◆ **INFORMATION PROVIDED**:
════

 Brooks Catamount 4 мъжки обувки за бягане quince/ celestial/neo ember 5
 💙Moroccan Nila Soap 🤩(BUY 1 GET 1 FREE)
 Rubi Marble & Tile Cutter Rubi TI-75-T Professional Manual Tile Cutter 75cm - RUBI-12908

════

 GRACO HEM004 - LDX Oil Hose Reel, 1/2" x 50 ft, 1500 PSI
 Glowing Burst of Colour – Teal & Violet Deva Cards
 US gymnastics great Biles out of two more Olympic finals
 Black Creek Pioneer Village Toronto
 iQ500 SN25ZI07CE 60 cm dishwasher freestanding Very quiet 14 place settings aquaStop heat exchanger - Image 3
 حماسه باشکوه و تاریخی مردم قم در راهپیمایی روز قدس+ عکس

════

◆ **WORK INSTRUCTION**: All lines in the data above from the one with "Glowing Burst of" through the one with "حماسه باشکوه و" must be repeated exactly, and no others.

◆ **EXERCISE ANSWER**:
 Glowing Burst of Colour – Teal & Violet Deva Cards
 US gymnastics great Biles out of two more Olympic finals
 Black Creek Pioneer Village Toronto
 iQ500 SN25ZI07CE 60 cm dishwasher freestanding Very quiet 14 place settings aquaStop heat exchanger - Image 3
 حماسه باشکوه و تاریخی مردم قم در راهپیمایی روز قدس+ عکس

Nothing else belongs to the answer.